Putting the Tyra in Tyrant
Did I happen to mention that the creator and producer and star and featured product placement and alpha and omega of this show is Tyra Banks? Lest we forget for a moment who the real Top Model is around here, the show begins with a photo montage of Tyra, displaying her evolution from splotchy prepubescent to Sport’s Illustrated supermodel. She barks out in drill sergeant tones about the “hard work, talent, and passion” it takes to become a top model and “I worked my butt off to make it to the top in the modeling industry so I know exactly what it takes to make a star”. Now don’t get me wrong, I loves me some Tyra, but c’mon already! There is a brief mention of last season’s winner, Adrianne, but Tyra mentions that this business moves fast, and she has gone on to select twelve new finalists of diverse sizes, styles, ethnicities, and origins from a nationwide search for the freshest faces of fashion.
Down the Road We’ve Just Begun
We meet our haute hopefuls on the “mean streets” of Manhattan, as they wander with suitcases in tow. They gather on their assigned street corners in small groups to get picked up; the first being Catie Anderson (18, and a stripper—no the electrical kind--from Willmar, Minn.), Xiomara Frans (25, a bartender from Morganville, N.J.), and Anna Bradfield (24, but going on 34 from the looks of it, and a housewife/mother from LaGrange, Ga.). They greet each other then perch on their suitcases like nervous little birds until a big “rock star bus,” as Xiomara describes it, pulls up to collect them. Right away, Anna mentions that she is a wife and a mother, which shocks Xiomara but mentions that she doesn’t believe being a mother and wife will hinder her career, and her husband is totally supportive.

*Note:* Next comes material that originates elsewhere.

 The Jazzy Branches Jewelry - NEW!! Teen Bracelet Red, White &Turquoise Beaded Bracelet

The bus stops for another handful of girls: April Wilkner (23, an account executive from Miami Beach, Fla.), Camille McDonald (25, a student from Mamaroneck, N.Y.), and Yoanna House (23, babysitter/clothing designer's assistant form Jacksonville, Fla.). April asks Catie with some incredulity, “You’re only 18?” Catie says that she left school early expressly so she could move to L.A. to pursue a career in modeling, explaining that “School will always be there” whereas modeling may not. April explains that she manages accounts for Fortune 500 companies and is merely trying out the modeling thing “for fun”. When Xiomara asks Yoanna what brought her to New York, she answers that she has always wanted to be model but was overweight so she hired a personal trainer and dropped 50 pounds. Xiomara expresses that she is already starting to feel “different” from all the other girls, that she was never thought of as pretty, and her goal is to become an “alternative” sort of model.

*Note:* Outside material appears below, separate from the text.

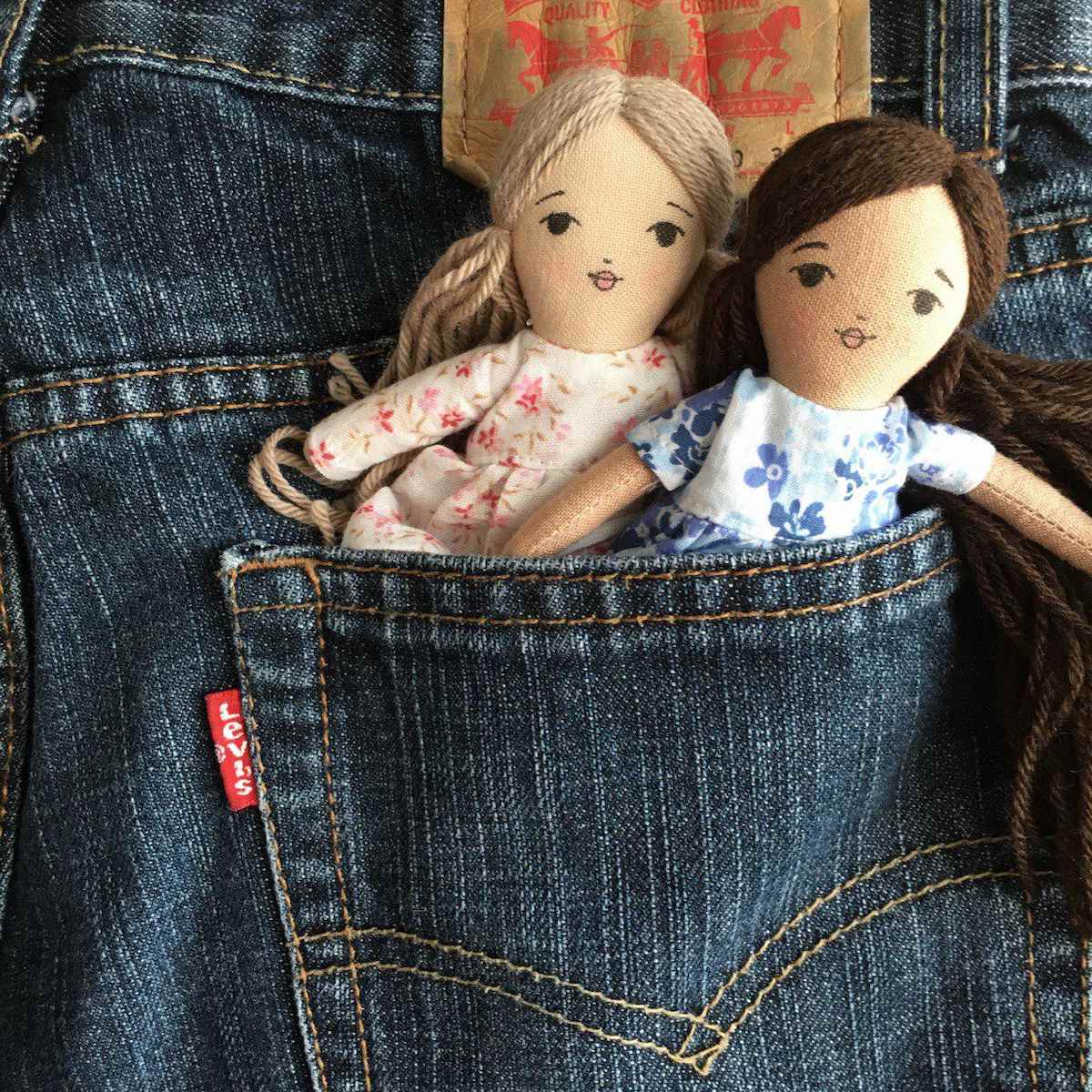 make tiny dolls that fit in your pocket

Bouncing down the sidewalk is Bethany Harrison (22, a waitress from Houston), who says that people often try to pigeonhole her into “swimsuit modeling” on account of her blonde bustiness. “I have a lot more talent than the boobs,” she claims, although every single shot of her so far shows her thrusting her chest out. The next person we see couldn’t be more of a contrast, a wan and chestless beanpole in glasses named Shandi Sullivan (21, a Walgreen's clerk from Kansas City, Mo.). Her interview reveals that she would like to start feeling better about herself—and there’s nothing like superficial scrutiny by strangers on national television to help out your self-esteem, right? Shandi walks up to Bethany and Sara Racey-Tabrizi (22, a restaurant hostess from Seattle) and introduces herself. We learn that Sara is half Persian, and her Iranian father disapproves of modeling, equating it to prostitution.
Camille finally weighs in with her story. She rattles off a list of beauty pageants she’s won (well, if 1st and 5th runners-up counts as “winning”) as the others look at her with masks of politeness barely concealing their disdain. Bethany, in deems Camille “very fake”—this from a woman who so far has met her fellow contestants with a smile but then excoriates them the second their backs are turned. Sara also expresses negative feelings toward Camille, saying, “I can tell that Camille is going to be somebody that causes a lot of problems. I think she just really believes that she’s…the stuff.”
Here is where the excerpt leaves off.